- [PROBLEM DESCRIPTION]: Please restate, exactly as they appear, only the lines from the one that contains "TikTok video thumbnail by samntc89" to the final line of the entries, with no pictures.

[PROVIDED DATA]

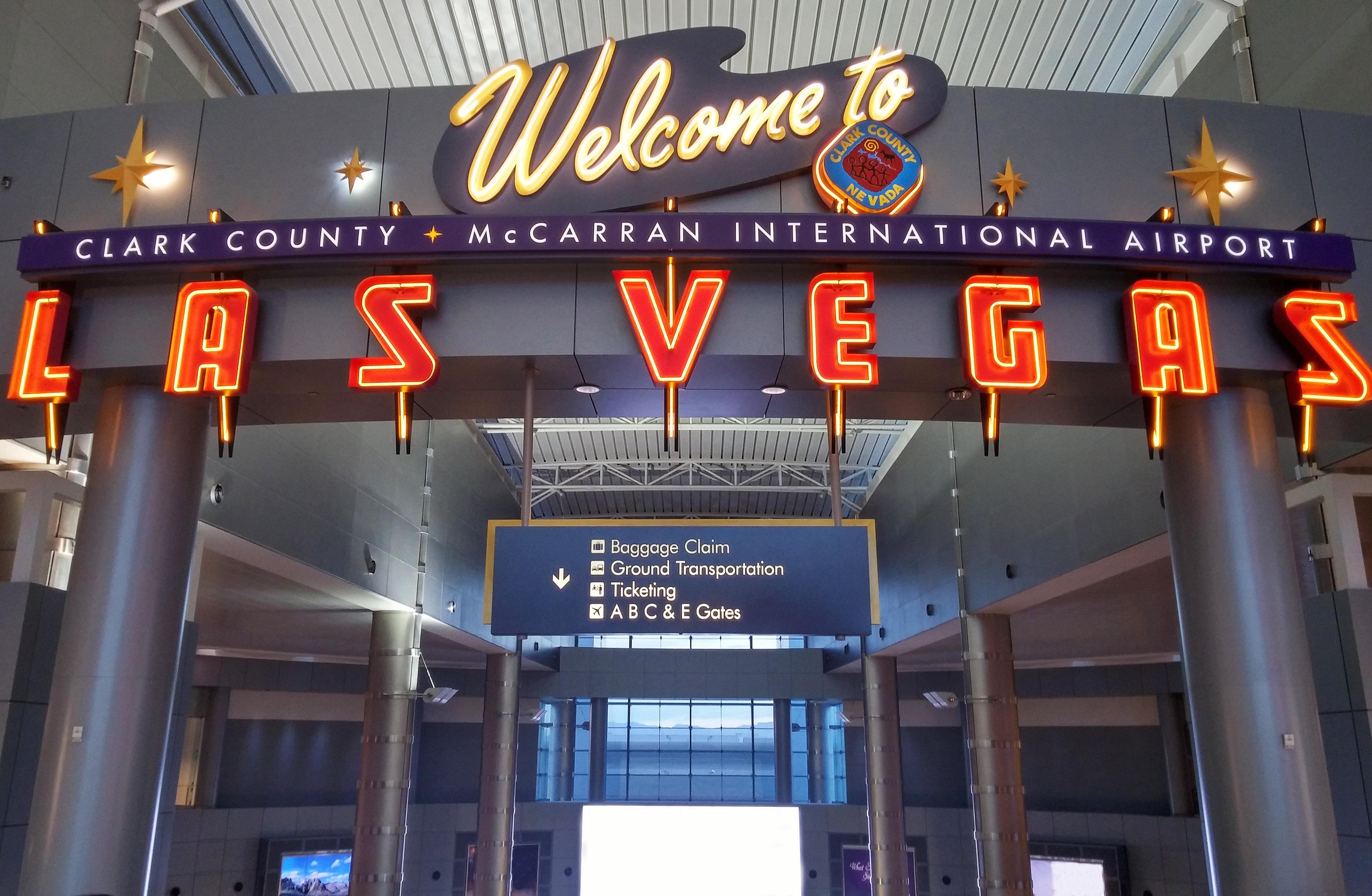Hotel Staybridge Vegas - Stadium District
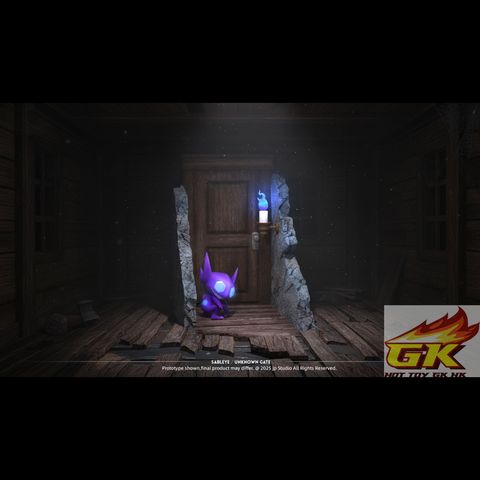 圖片_20251203111927_44_83_結果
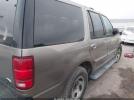 Ford Expedition Xlt Image 7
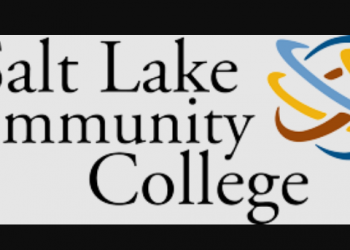 slcc logo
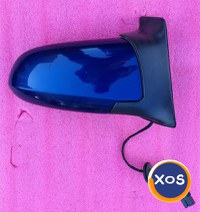 Se ofera spre vanzare piese provenite de la Opel Zafira A DTI - 2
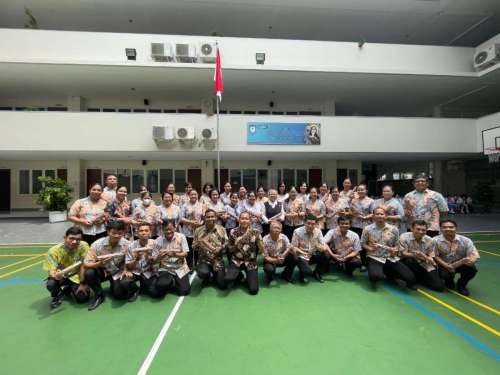 WhatsApp-Image-2025-05-05-at-12.20.14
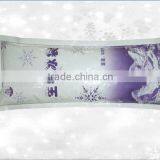 Reusable Cooling Pack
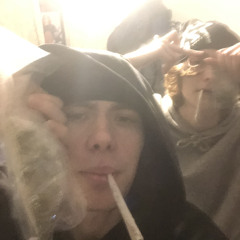 znayt (prod by glorykeyz)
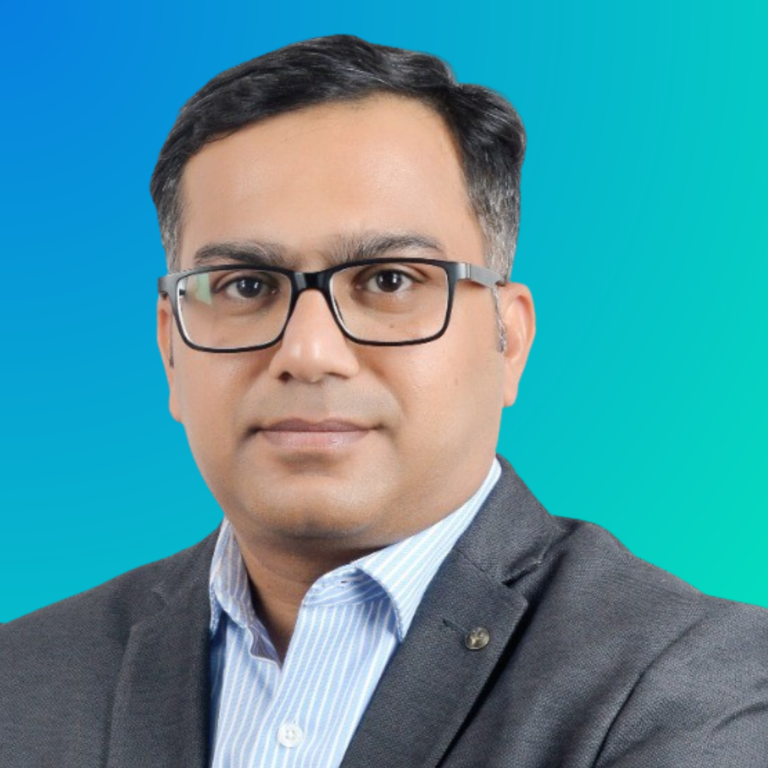 speakers png - 2025-11-18T103305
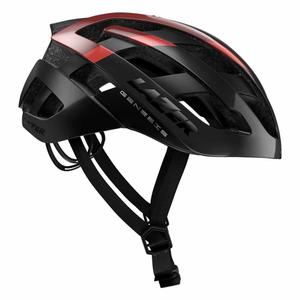 product/l/a/lazer_blc2447892394_matte-black-red_1.jpg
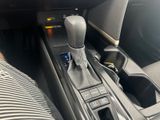 Used 2025 Toyota Camry Sedan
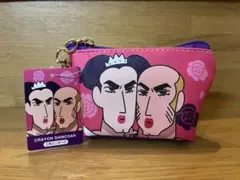 マカオとジョマ キャラクターグッズ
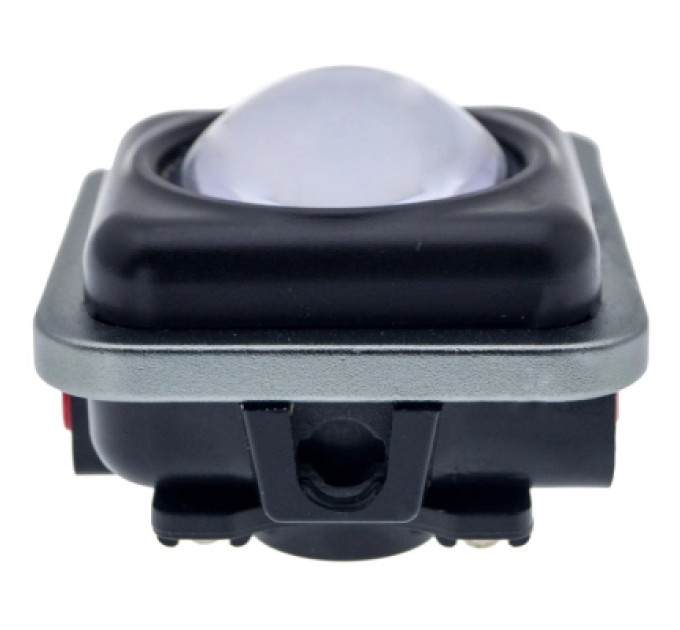 Westinghouse Ліхтар Westinghouse 5W COB LED WF254S red + white light USB-C кабель (WF254S-CBH)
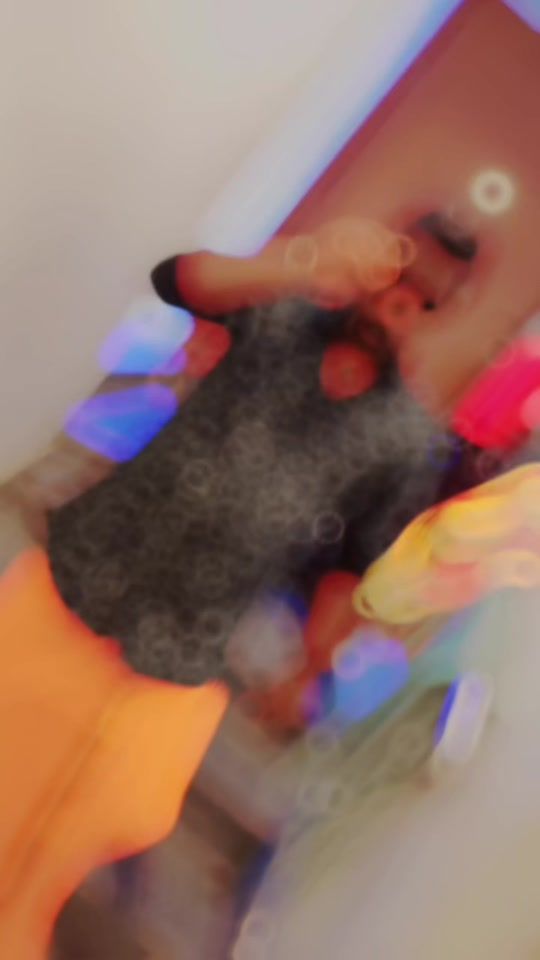 TikTok video thumbnail by samntc89
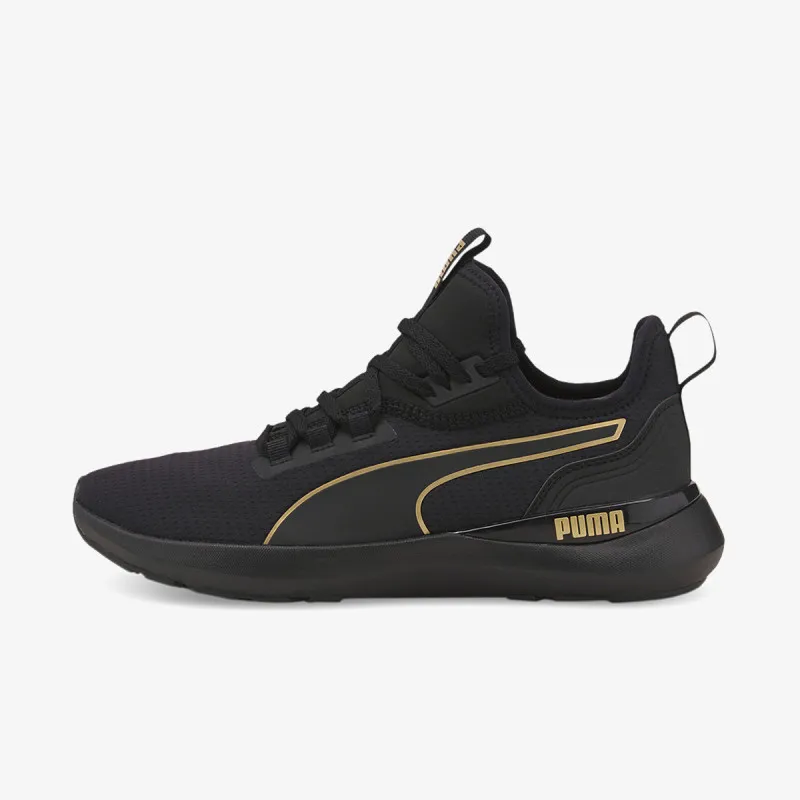 PUMA PURE XT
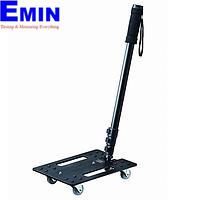 HIOKI Z5023 Extension Cart (for FT3424, FT3425)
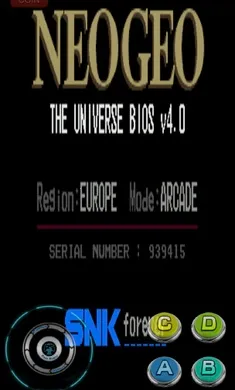 ȭ��2000ȫ�����氲׿���ֻ���v1.74 �ֻ����ͼ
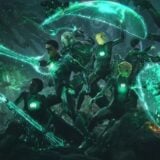 kotaku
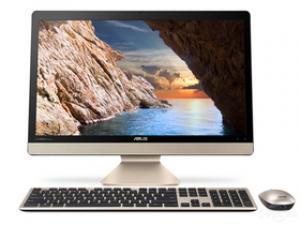 华硕A6431(i3 7100U)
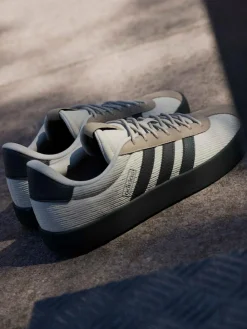 adidas VL Court Trainers^ Sneakers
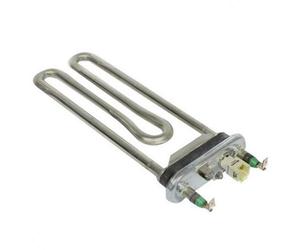Résistance 1750W Machine à laver, Lave-linge 1326475009, 3792301206 FAURE Machine à laver, Lave-linge 1326475009, 3792301206 FAURE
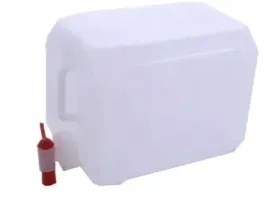 banka-z-kranikiem-pojemnik-na-wode-kanister-10l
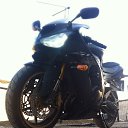 ���� ������, ������, 39 ��� - ��������� 22 ����� 2015 � ������ ���� ����������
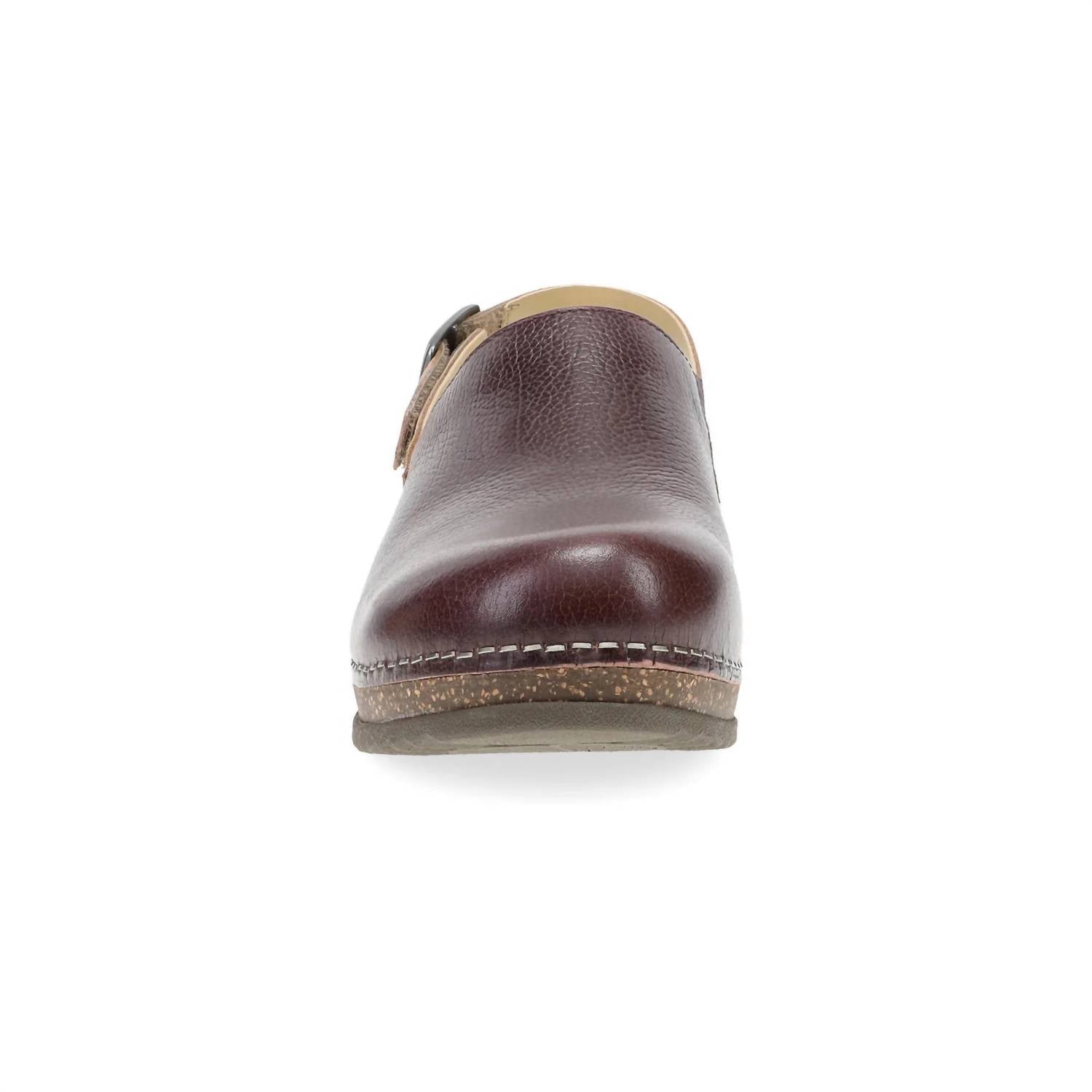 Dansko - Women's Merrin Slingback Clogs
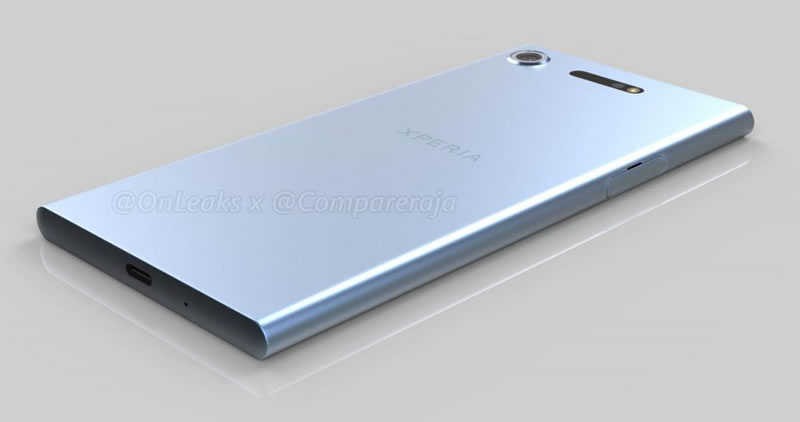 sony-xperia-xz1-render-07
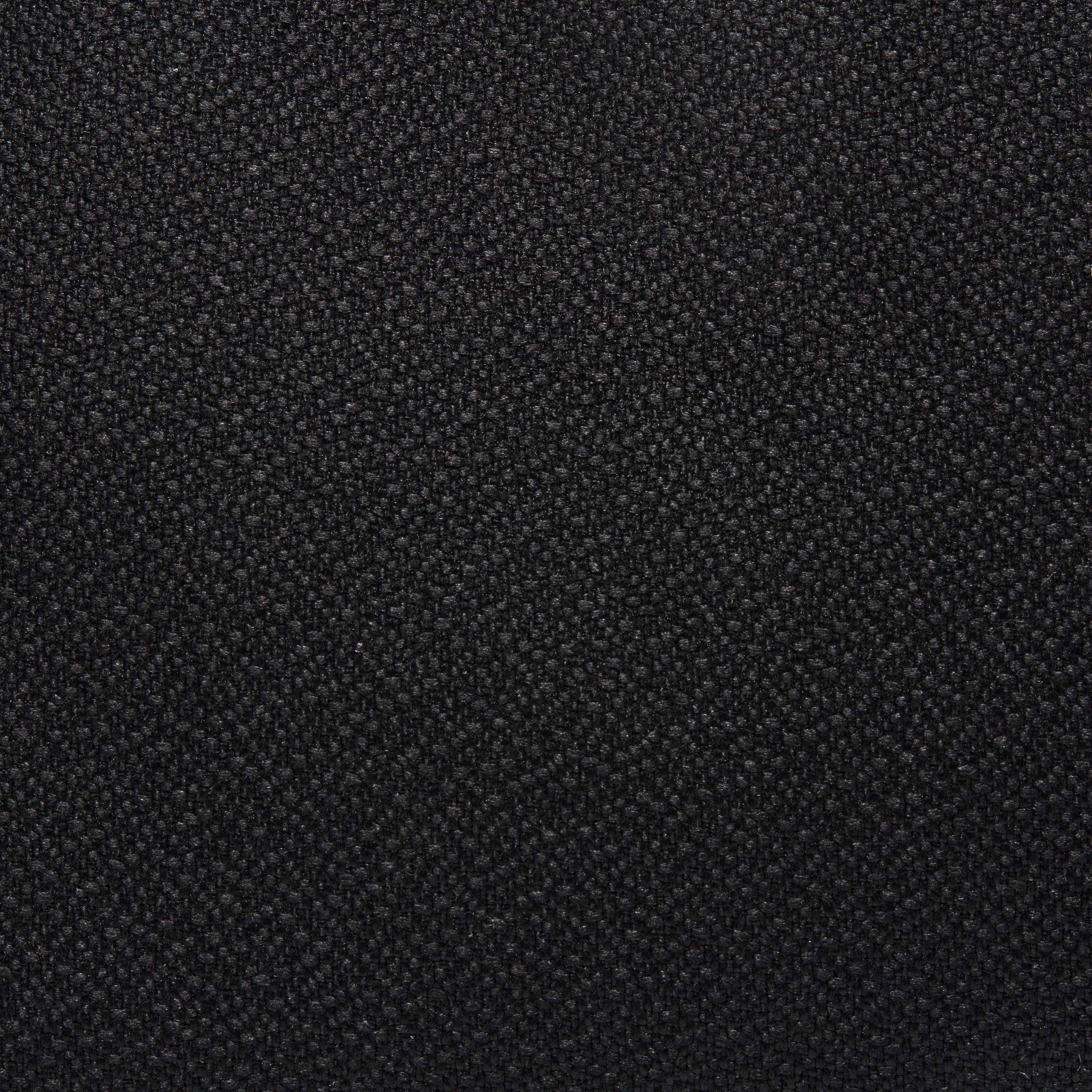 Nike One image number 9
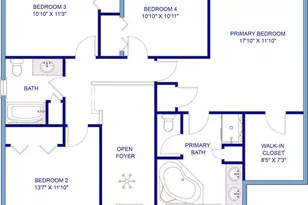 107 Chestnut Ridge Dr, Orwigsburg, PA 17961 - Photo 40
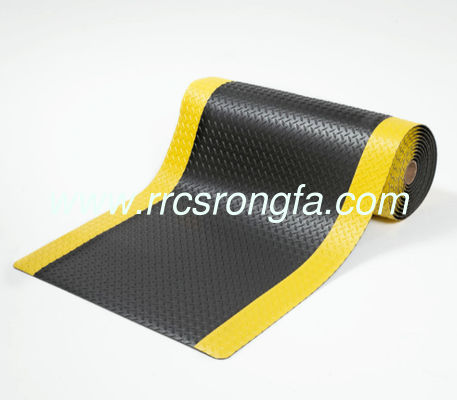 Anti Fatigue mat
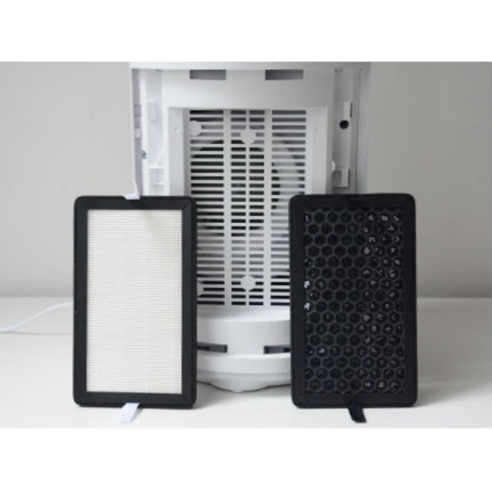 숨 쉬는 공간에 예술을 더하다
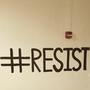 RESIST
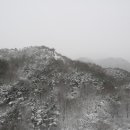 매니아당구세상 이미지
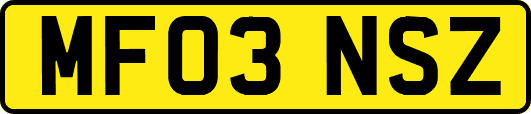 MF03NSZ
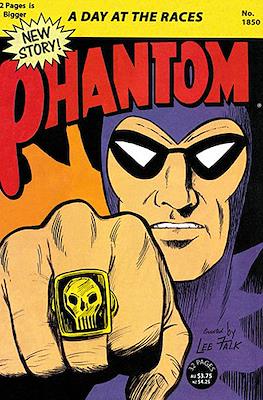 The Phantom #1850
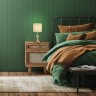 Escada 10207/L E14*40W Smoke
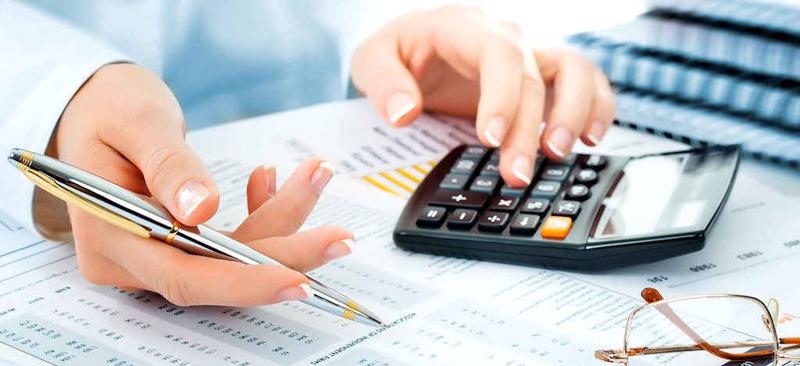 Các doanh nghiệp thẩm định giá và thẩm định viên sẽ phải chịu trách nhiệm và bồi thường nếu gây thiệt hại Các doanh nghiệp thẩm định giá và thẩm định viên sẽ phải chịu trách nhiệm và bồi thường nếu gây thiệt hại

[/PROVIDED DATA]

- [SOLUTION TO THIS EXERCISE]:
 TikTok video thumbnail by samntc89
 PUMA PURE XT
 HIOKI Z5023 Extension Cart (for FT3424, FT3425)
 ȭ��2000ȫ�����氲׿���ֻ���v1.74 �ֻ����ͼ
 kotaku
 华硕A6431(i3 7100U)
 adidas VL Court Trainers^ Sneakers
Résistance 1750W Machine à laver, Lave-linge 1326475009, 3792301206 FAURE Machine à laver, Lave-linge 1326475009, 3792301206 FAURE
 banka-z-kranikiem-pojemnik-na-wode-kanister-10l
 ���� ������, ������, 39 ��� - ��������� 22 ����� 2015 � ������ ���� ����������
 Dansko - Women's Merrin Slingback Clogs
 sony-xperia-xz1-render-07
 Nike One image number 9
 107 Chestnut Ridge Dr, Orwigsburg, PA 17961 - Photo 40
 Anti Fatigue mat
 숨 쉬는 공간에 예술을 더하다
 RESIST
 매니아당구세상 이미지
 MF03NSZ
 The Phantom #1850
 Escada 10207/L E14*40W Smoke
 Các doanh nghiệp thẩm định giá và thẩm định viên sẽ phải chịu trách nhiệm và bồi thường nếu gây thiệt hại Các doanh nghiệp thẩm định giá và thẩm định viên sẽ phải chịu trách nhiệm và bồi thường nếu gây thiệt hại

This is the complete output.